--- Activity ---
There should be no pictures in your answer, only an exact copy of the lines from the one with "this 626×418 image." through the end of the material.

--- Entries shown ---
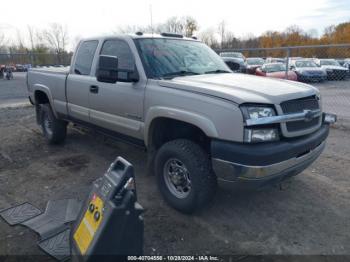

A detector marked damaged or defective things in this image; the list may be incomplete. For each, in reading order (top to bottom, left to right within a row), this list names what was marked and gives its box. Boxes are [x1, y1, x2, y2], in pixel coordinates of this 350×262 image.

damaged vehicle nearby [27, 33, 336, 213]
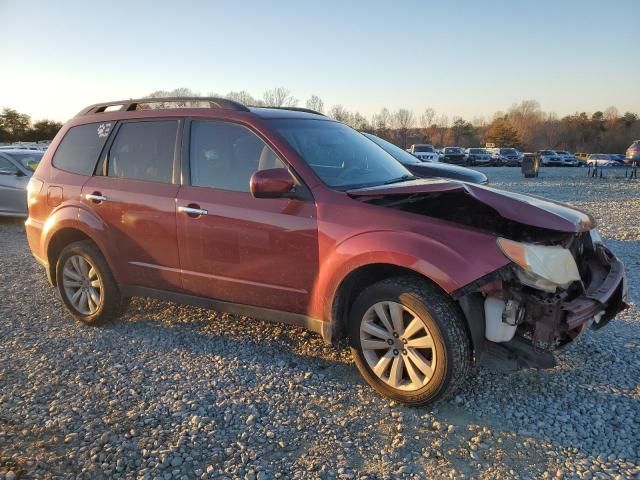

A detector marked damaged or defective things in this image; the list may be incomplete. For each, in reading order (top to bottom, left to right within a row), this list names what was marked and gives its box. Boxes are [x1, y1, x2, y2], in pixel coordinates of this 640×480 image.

dented hood [350, 179, 596, 233]
broken headlight [498, 237, 584, 292]
damaged front end [458, 229, 628, 372]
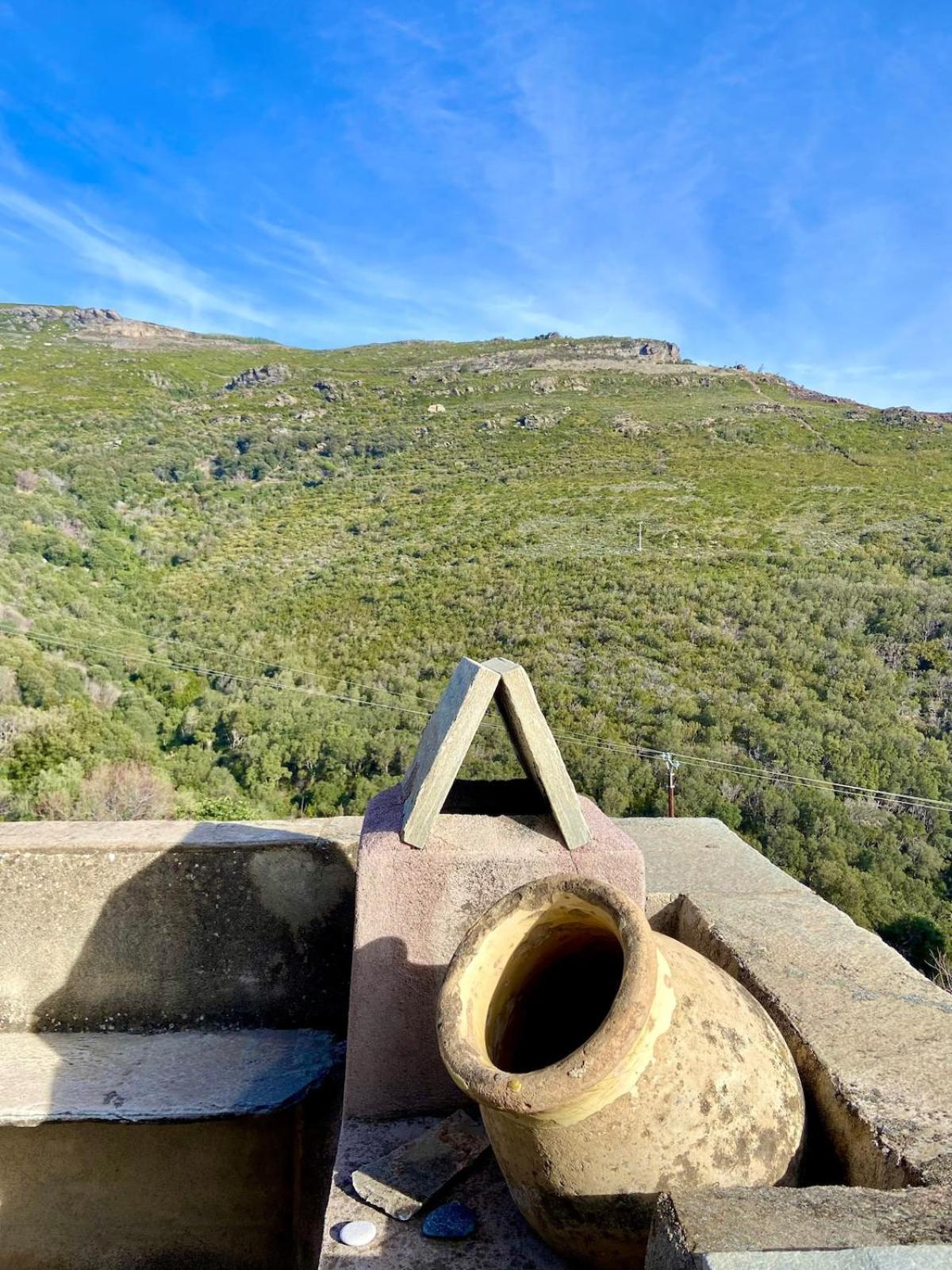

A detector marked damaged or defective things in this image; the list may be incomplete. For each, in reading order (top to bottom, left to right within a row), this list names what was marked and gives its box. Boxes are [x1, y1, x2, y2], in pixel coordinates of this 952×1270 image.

broken concrete edge [650, 1183, 952, 1264]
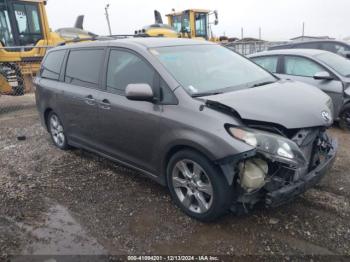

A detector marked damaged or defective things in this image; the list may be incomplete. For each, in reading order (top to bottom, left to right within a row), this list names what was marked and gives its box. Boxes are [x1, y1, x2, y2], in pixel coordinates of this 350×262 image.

crumpled hood [205, 80, 334, 128]
broken headlight [227, 127, 306, 168]
front end damage [219, 127, 336, 213]
damaged front bumper [266, 138, 338, 208]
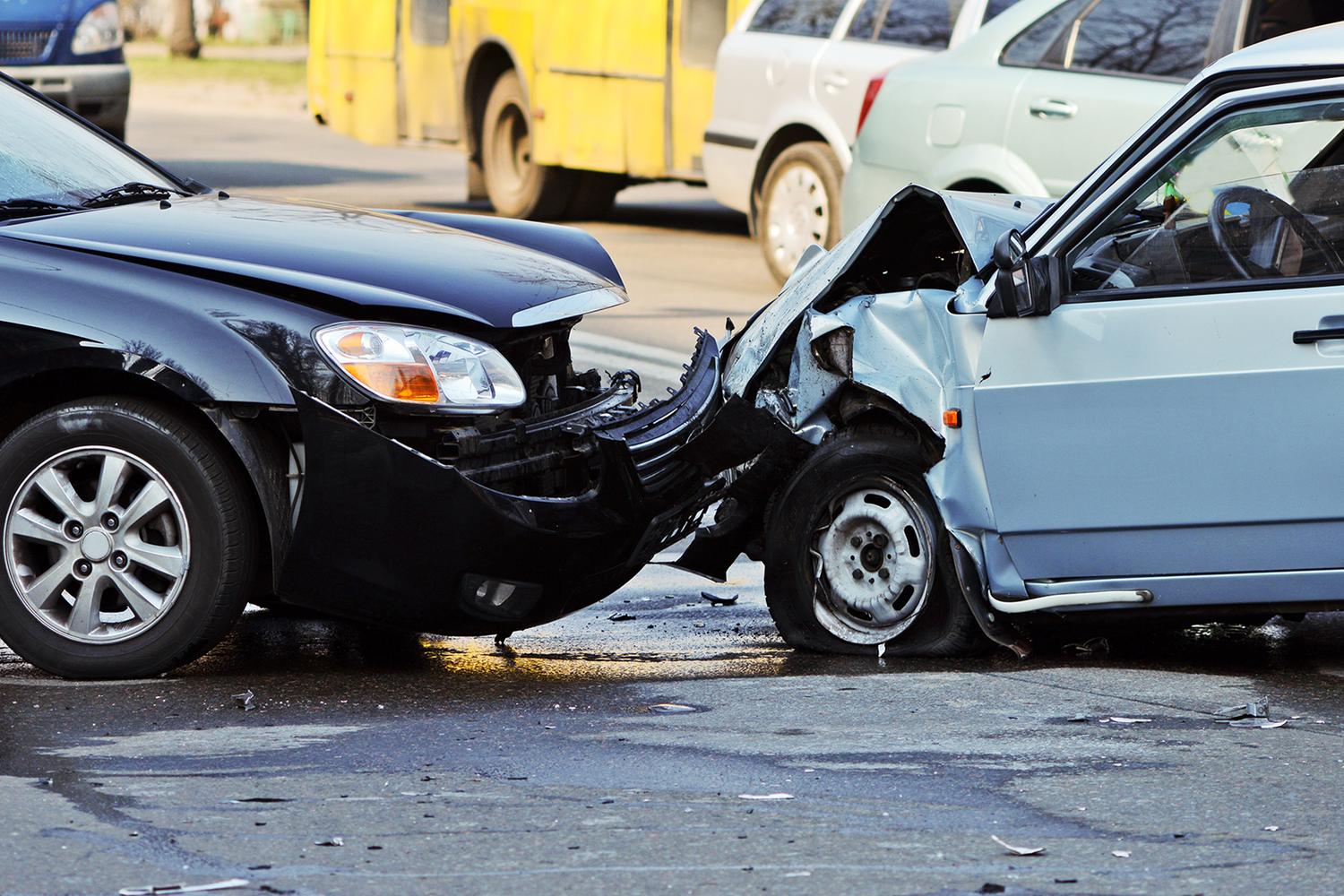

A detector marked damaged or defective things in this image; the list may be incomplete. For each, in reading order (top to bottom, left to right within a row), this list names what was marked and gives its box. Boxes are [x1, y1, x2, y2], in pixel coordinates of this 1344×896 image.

shattered headlight housing [71, 1, 124, 55]
crumpled hood [1, 194, 624, 327]
shattered headlight housing [314, 323, 524, 410]
crumpled hood [726, 186, 1048, 394]
crushed front end [277, 327, 731, 631]
broken bumper piece [277, 329, 731, 631]
damaged front bumper [277, 332, 731, 633]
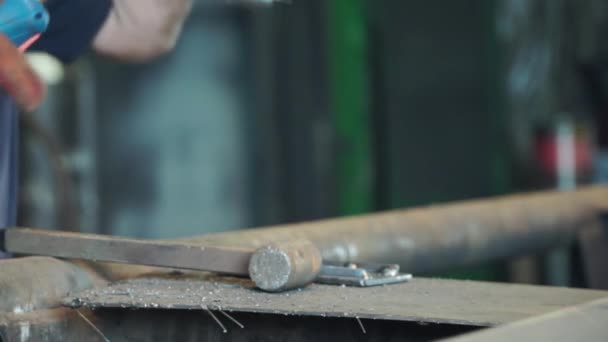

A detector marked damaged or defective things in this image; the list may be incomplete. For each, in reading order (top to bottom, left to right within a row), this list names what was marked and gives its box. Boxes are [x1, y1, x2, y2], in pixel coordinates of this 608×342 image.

rusty metal surface [5, 228, 252, 276]
rusty metal surface [178, 186, 608, 274]
rusty metal surface [63, 276, 608, 326]
rusty metal surface [442, 296, 608, 342]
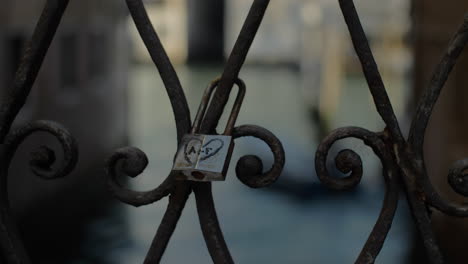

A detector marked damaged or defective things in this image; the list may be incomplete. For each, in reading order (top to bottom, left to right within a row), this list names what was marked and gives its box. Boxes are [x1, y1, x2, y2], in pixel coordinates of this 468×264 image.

rusty padlock [172, 78, 245, 182]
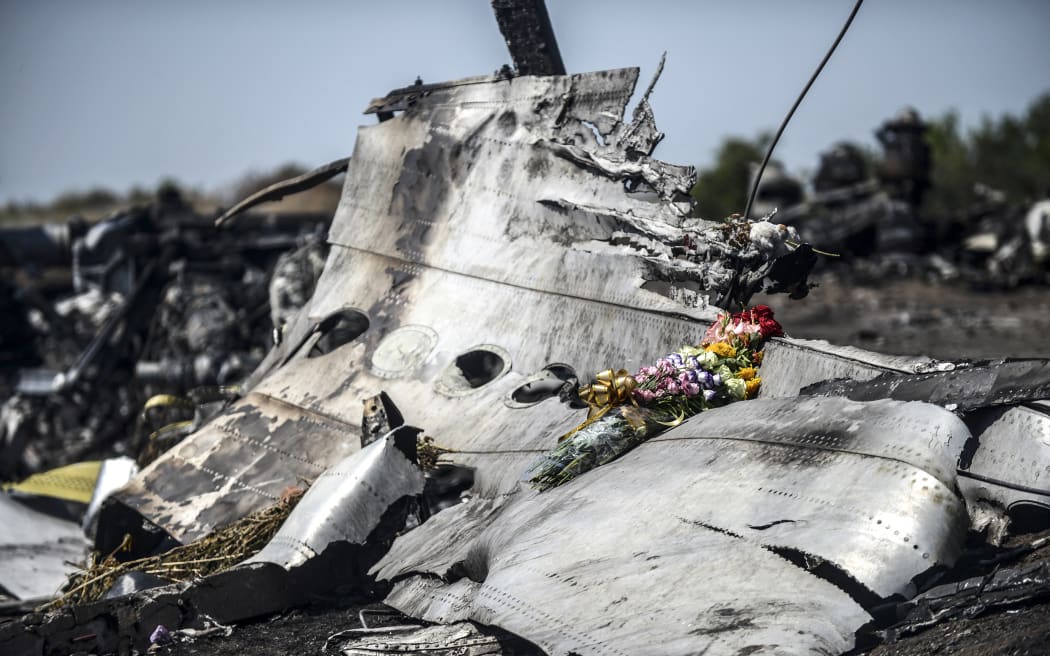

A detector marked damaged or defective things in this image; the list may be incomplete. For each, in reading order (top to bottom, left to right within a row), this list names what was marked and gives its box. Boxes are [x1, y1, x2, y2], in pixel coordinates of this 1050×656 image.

rusted metal fragment [491, 0, 567, 75]
burnt wooden post [491, 0, 567, 76]
rusted metal fragment [375, 396, 965, 650]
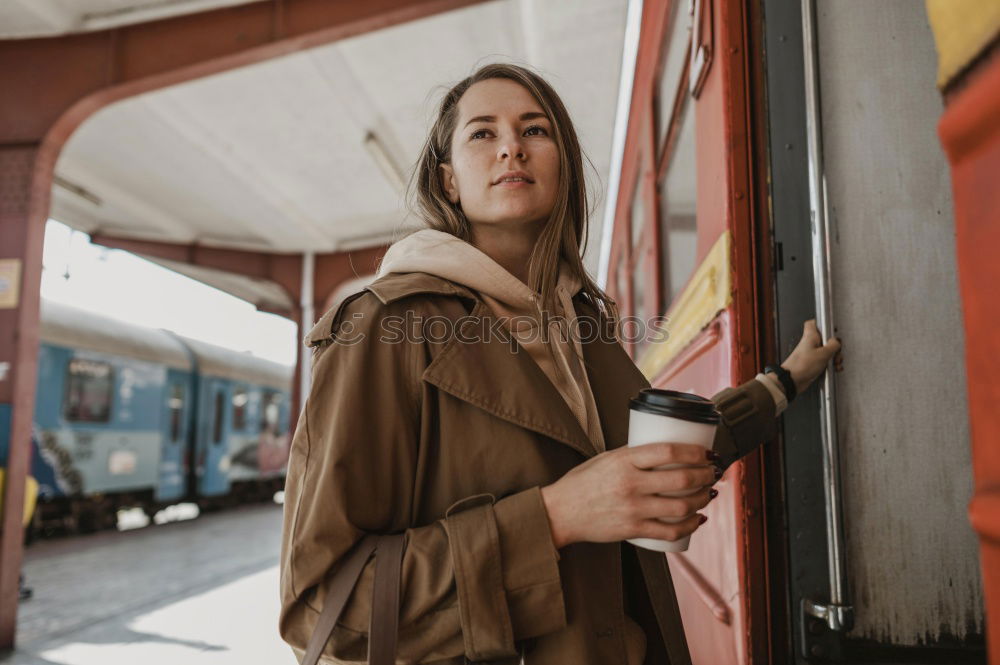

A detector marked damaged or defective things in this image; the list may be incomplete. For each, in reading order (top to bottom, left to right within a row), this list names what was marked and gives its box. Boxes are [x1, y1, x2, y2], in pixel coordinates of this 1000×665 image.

rusty metal panel [816, 0, 988, 644]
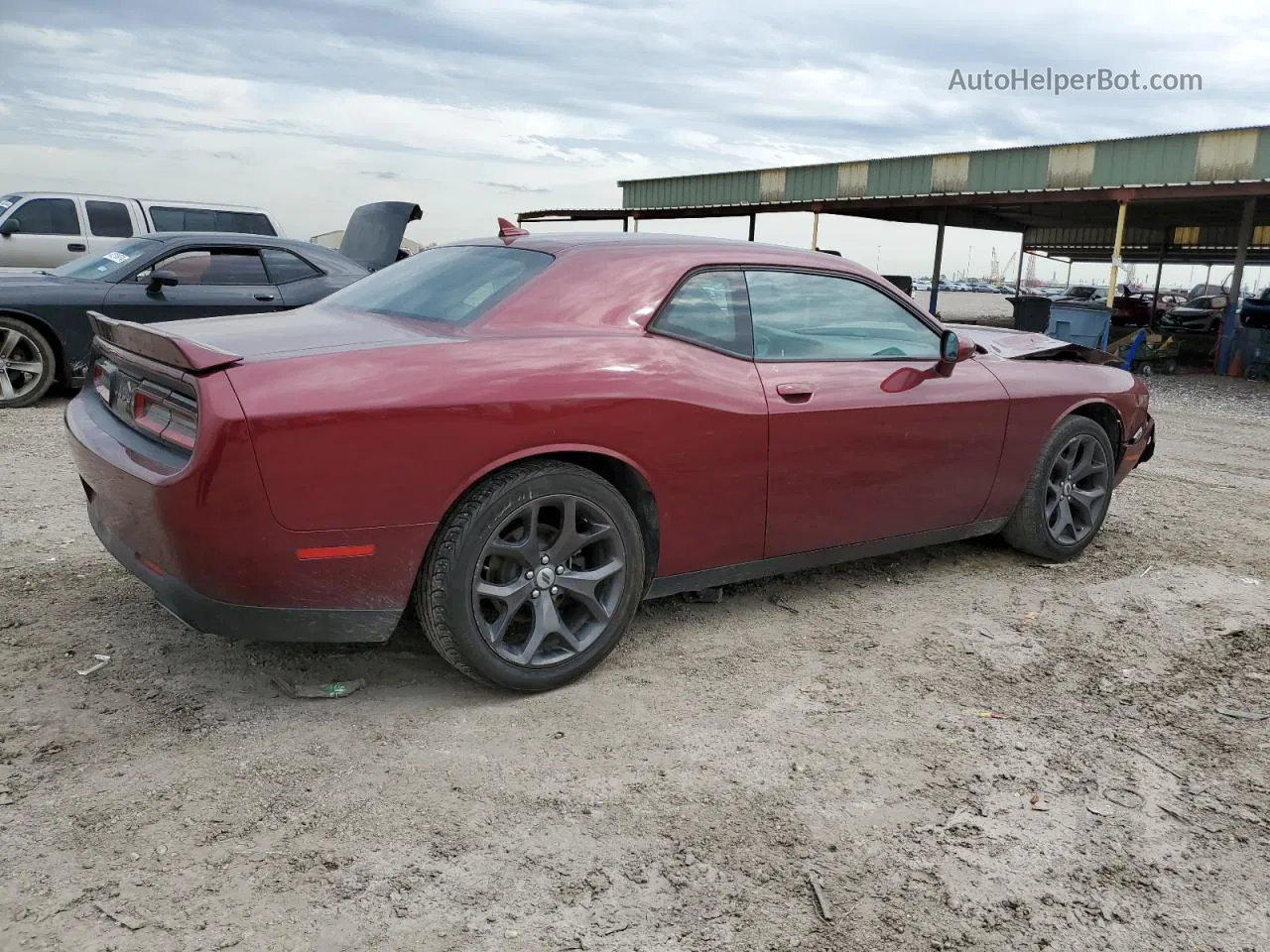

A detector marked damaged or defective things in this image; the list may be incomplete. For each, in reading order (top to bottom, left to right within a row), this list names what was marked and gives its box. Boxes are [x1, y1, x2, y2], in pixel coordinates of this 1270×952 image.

damaged vehicle [0, 200, 425, 409]
damaged vehicle [64, 230, 1159, 690]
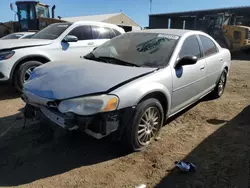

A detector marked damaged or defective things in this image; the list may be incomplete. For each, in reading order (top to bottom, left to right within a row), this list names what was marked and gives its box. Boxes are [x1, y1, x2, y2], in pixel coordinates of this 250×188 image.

broken headlight [58, 94, 118, 115]
dented hood [23, 59, 156, 100]
damaged silver sedan [21, 29, 230, 151]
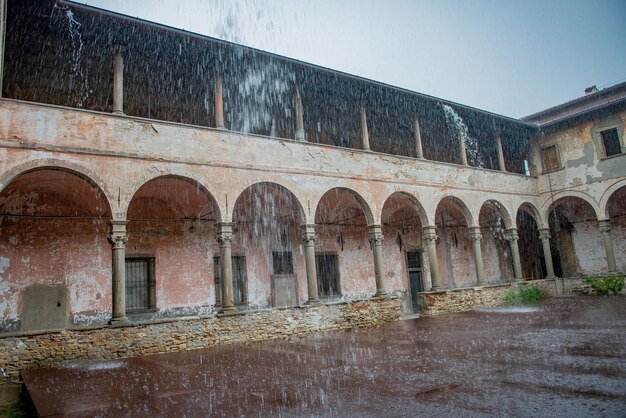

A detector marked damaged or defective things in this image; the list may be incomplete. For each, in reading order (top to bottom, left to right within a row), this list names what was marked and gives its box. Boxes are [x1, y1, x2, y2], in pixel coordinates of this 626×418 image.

peeling plaster wall [0, 217, 109, 332]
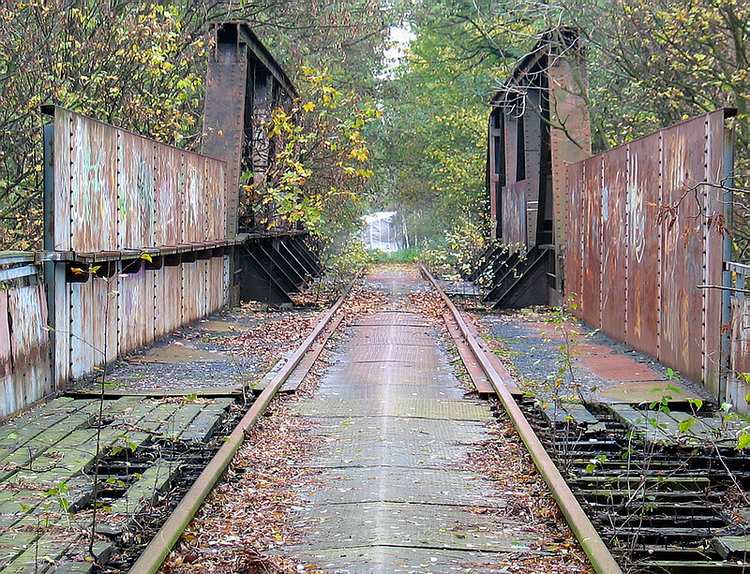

--- Written solution ---
A detector marked damaged or defective things in this image; the list may be incomplete. For each, in reading order (top to bottom, left to right within a row), this list names what was marked and gives its box. Boxes are [x1, y1, x2, y2], in pixel coordinates of this 626×418 image.

peeling plaster wall [0, 217, 109, 332]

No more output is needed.